(Dataset content begins)

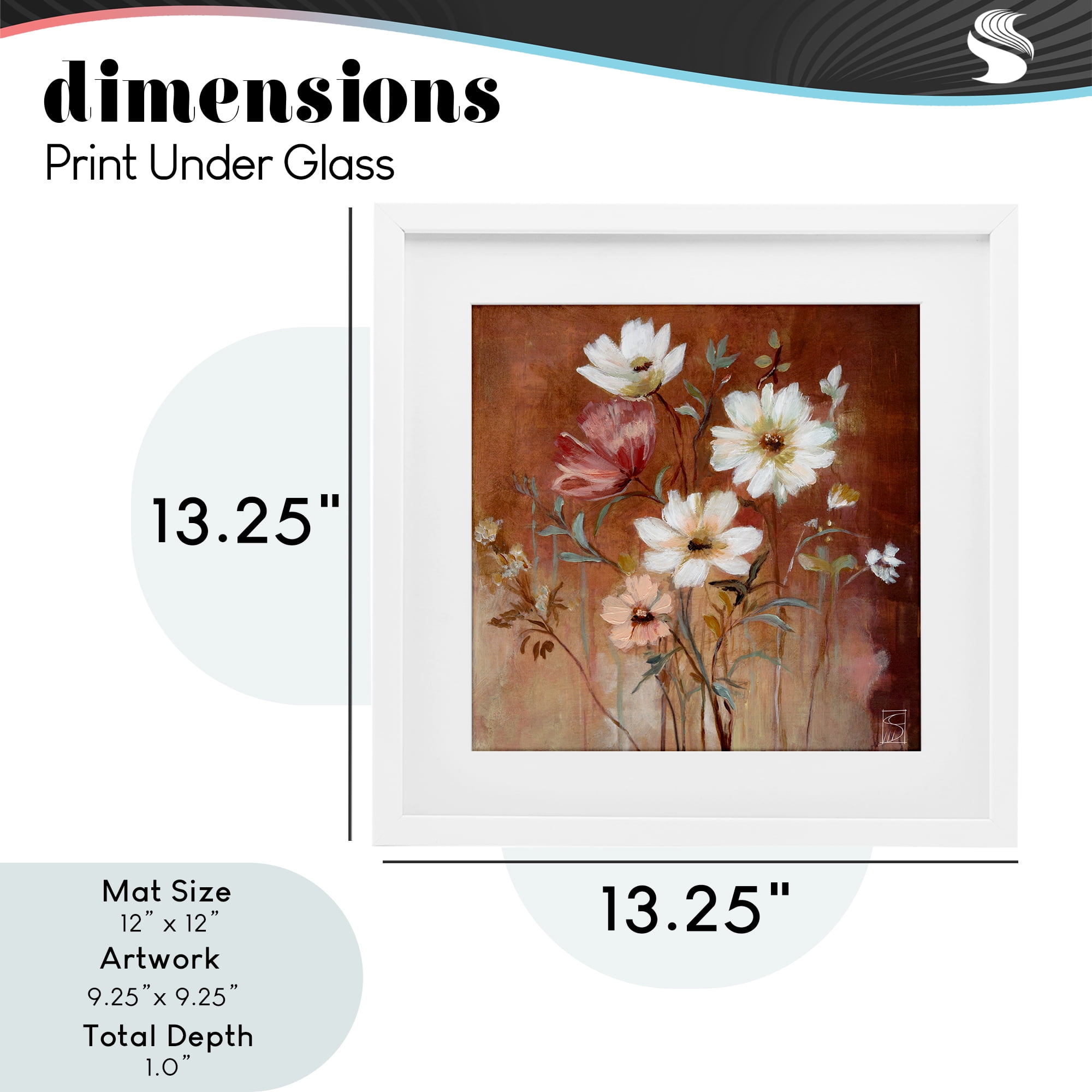 Mocha Flowers Collection White Framed Print Under Glass, design by Sara Culpepper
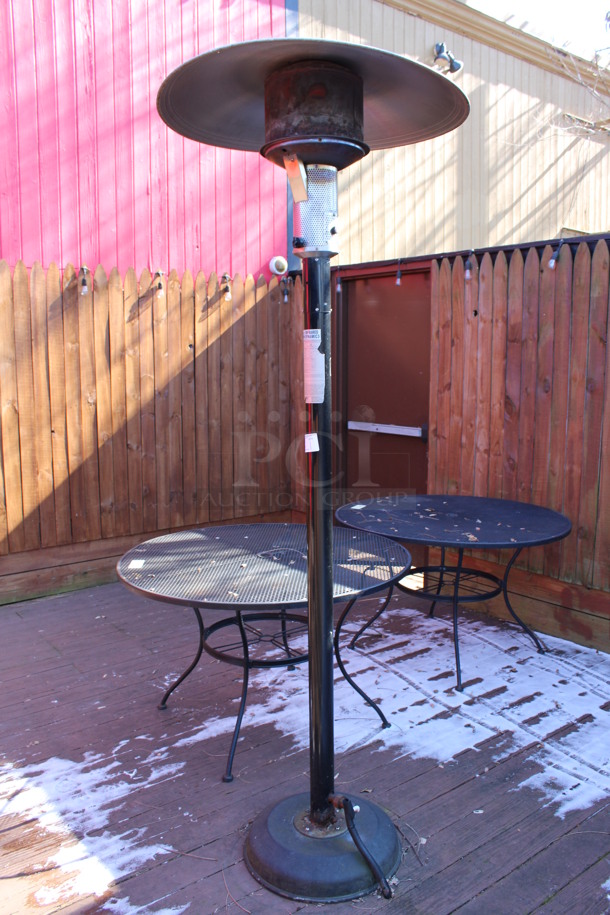 2011 Sunglo Metal Commercial Natural Gas Powered Patio Heater. Unit Does Not Work. BUYER MUST REMOVE. 32x32x95. (patio) - Image 1 of 5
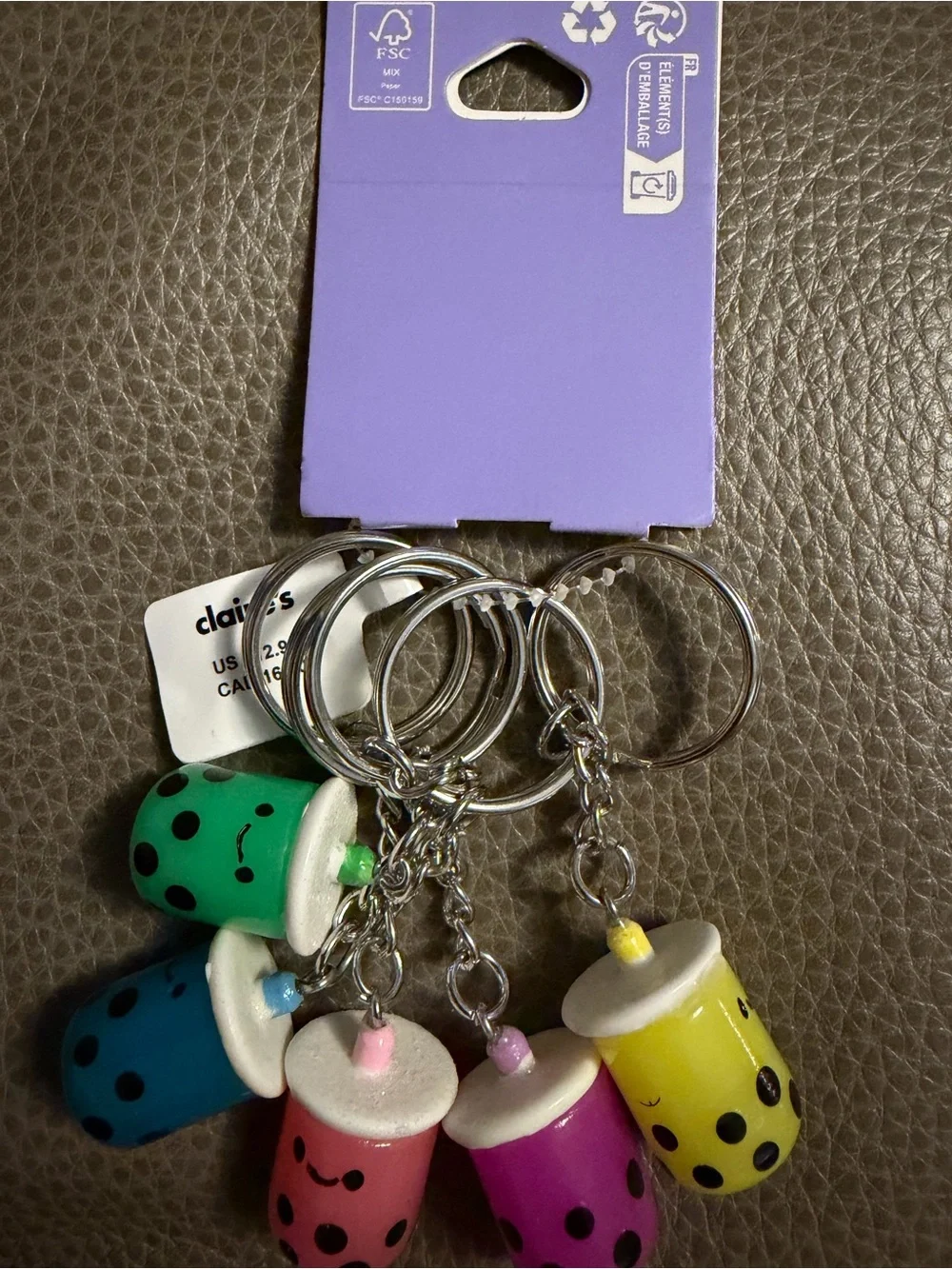 Claire's Bubble Tea Keychain Set - Yellow, Blue, Pink, Purple, Green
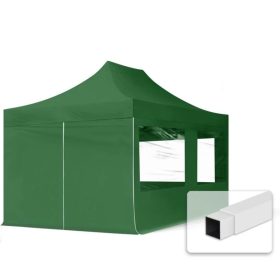   TP 3x4,5m összecsukható acél pavilon, 4 db oldalfallal - zöld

(Dataset content ends)

### What this task involves
Leave the pictures out and output all of the data verbatim.

### Exercise response
 Mocha Flowers Collection White Framed Print Under Glass, design by Sara Culpepper
 2011 Sunglo Metal Commercial Natural Gas Powered Patio Heater. Unit Does Not Work. BUYER MUST REMOVE. 32x32x95. (patio) - Image 1 of 5
 Claire's Bubble Tea Keychain Set - Yellow, Blue, Pink, Purple, Green
   TP 3x4,5m összecsukható acél pavilon, 4 db oldalfallal - zöld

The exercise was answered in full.